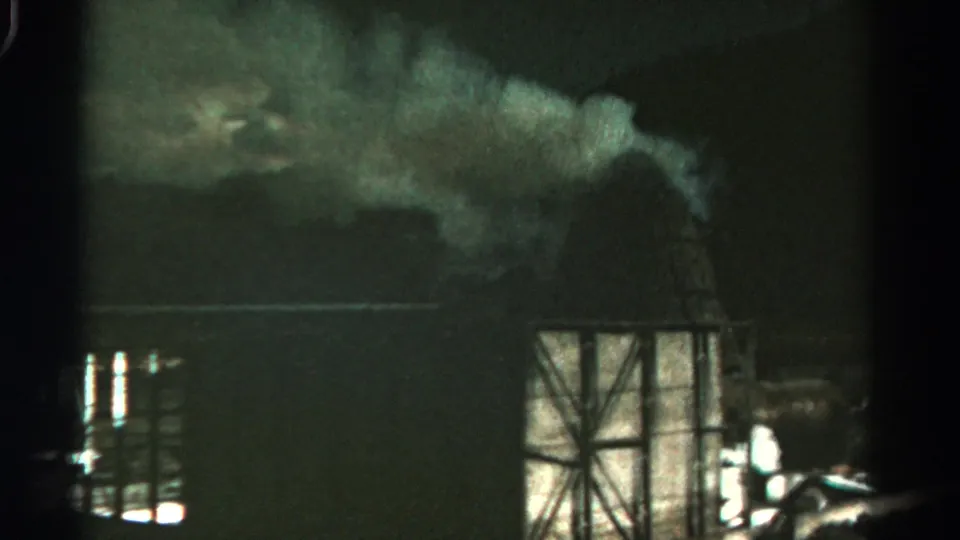 1967 Colorado 8mm frame showing smoke over a dark factory area and a cross-braced metal framework in the foreground.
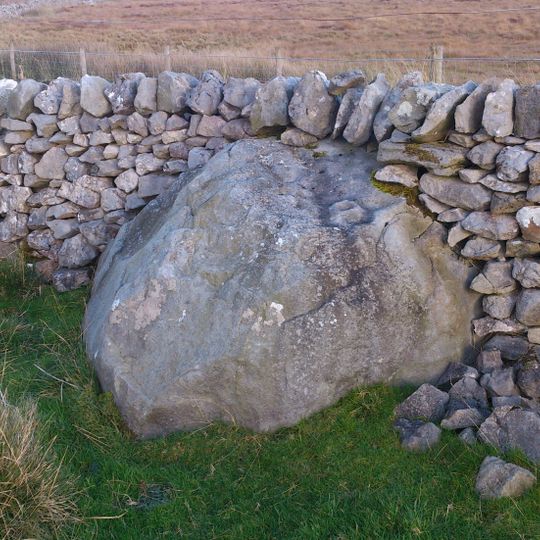 Rock with 30 to 40 cup marks and some groove marks in the wall at the west side of Black Hill Road, 610m ESE of New Dam, Skyreho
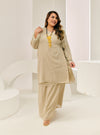 A woman dressed in Sage Tun Tipah Dotted Wrap Kurung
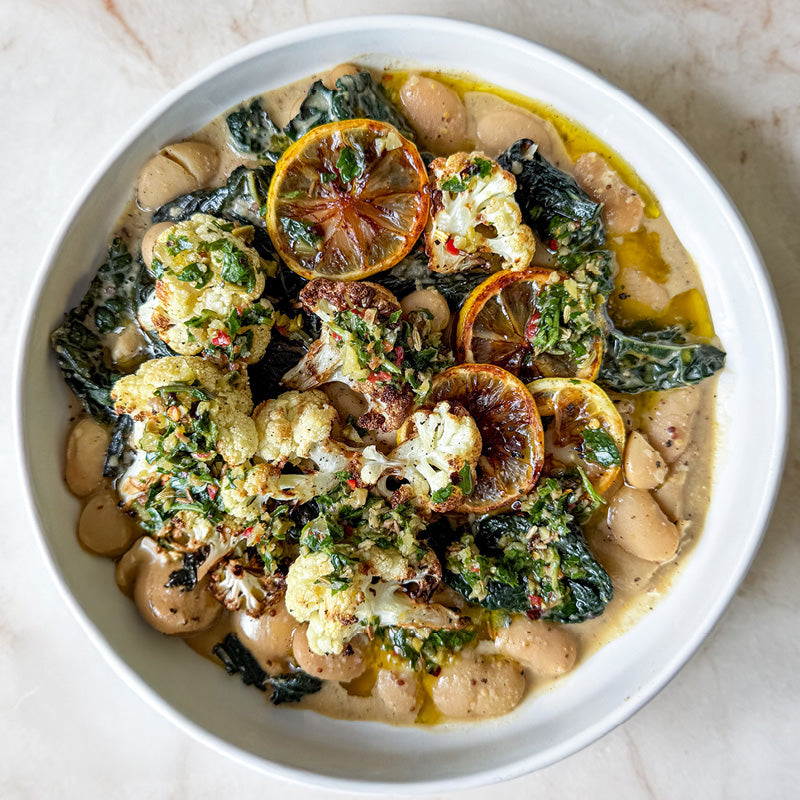 Creamy Butter Beans With Burnt Lemon & Mustard Sauce, Wilted Greens, Charred Cauliflower & Green Olive Salsa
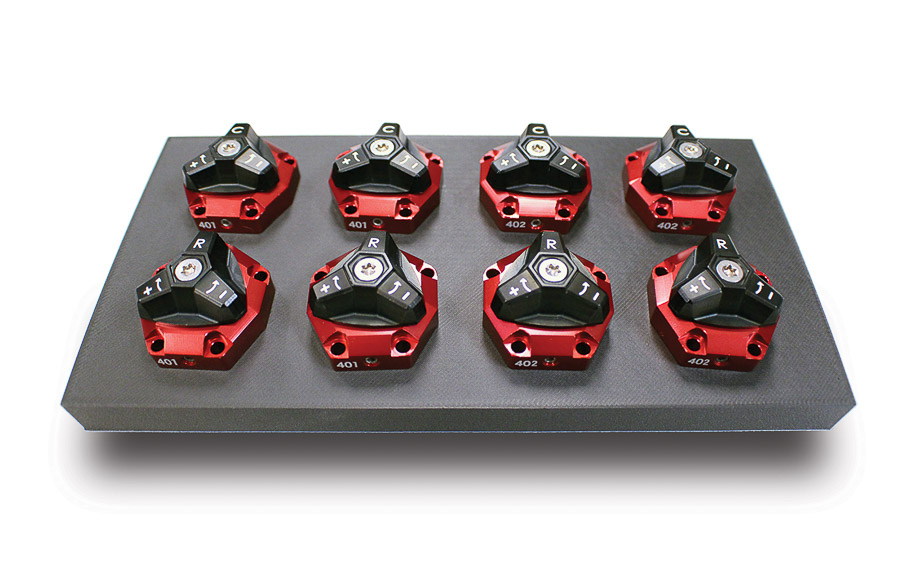 QA1 MOD series shocks with modular QuickTune valve packs allow easy customization of suspension stiffness without disassembly for drag racing, road course, and street performance.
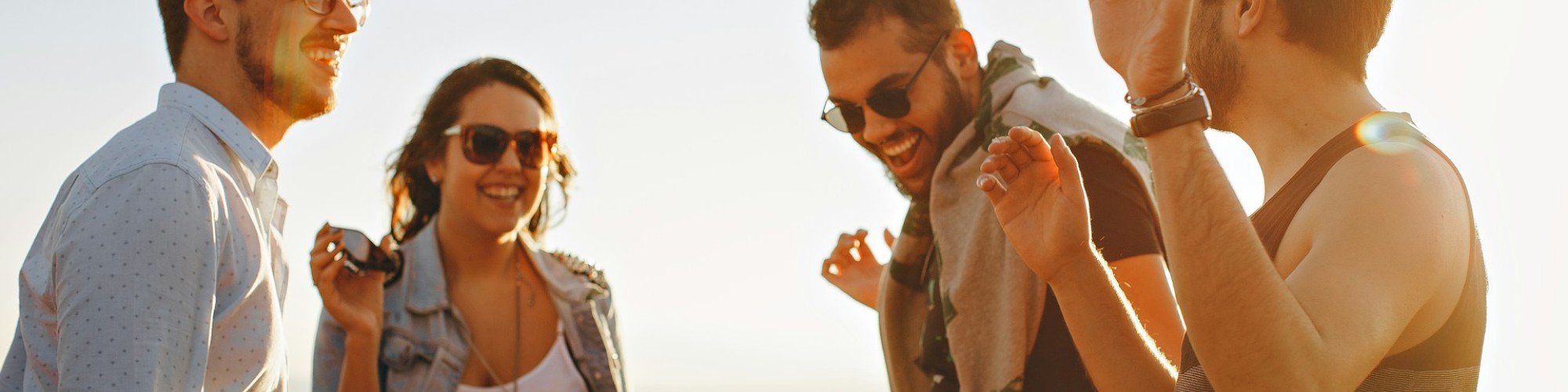 A group of four people, three men and one woman, are outdoors laughing and having a good time, with a clear sky in the background.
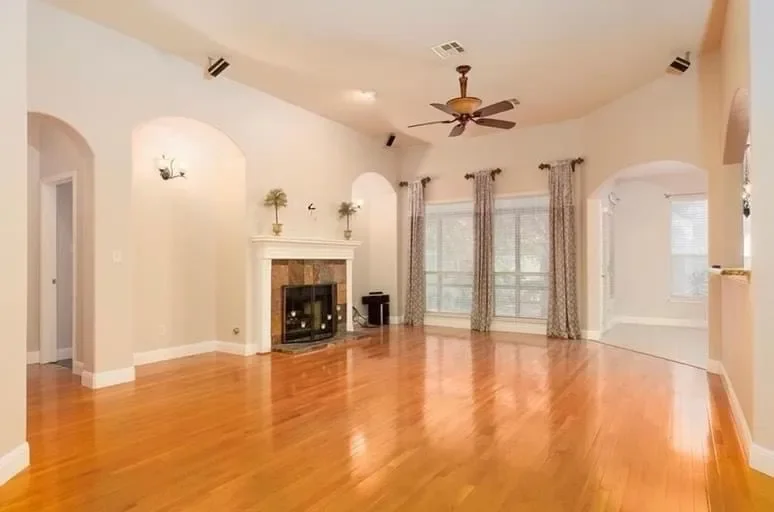 Empty living room with hardwood floors, a fireplace, windows with curtains, and a ceiling fan.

◆ ◆ ◆ ◆ ◆ ◆ ◆

AIM OF THE EXERCISE:
Return exactly what appears from the opening line of the material through the line with "Rock with 30", apart from the pictures.

RESPONSE BOX:
 1967 Colorado 8mm frame showing smoke over a dark factory area and a cross-braced metal framework in the foreground.
 Rock with 30 to 40 cup marks and some groove marks in the wall at the west side of Black Hill Road, 610m ESE of New Dam, Skyreho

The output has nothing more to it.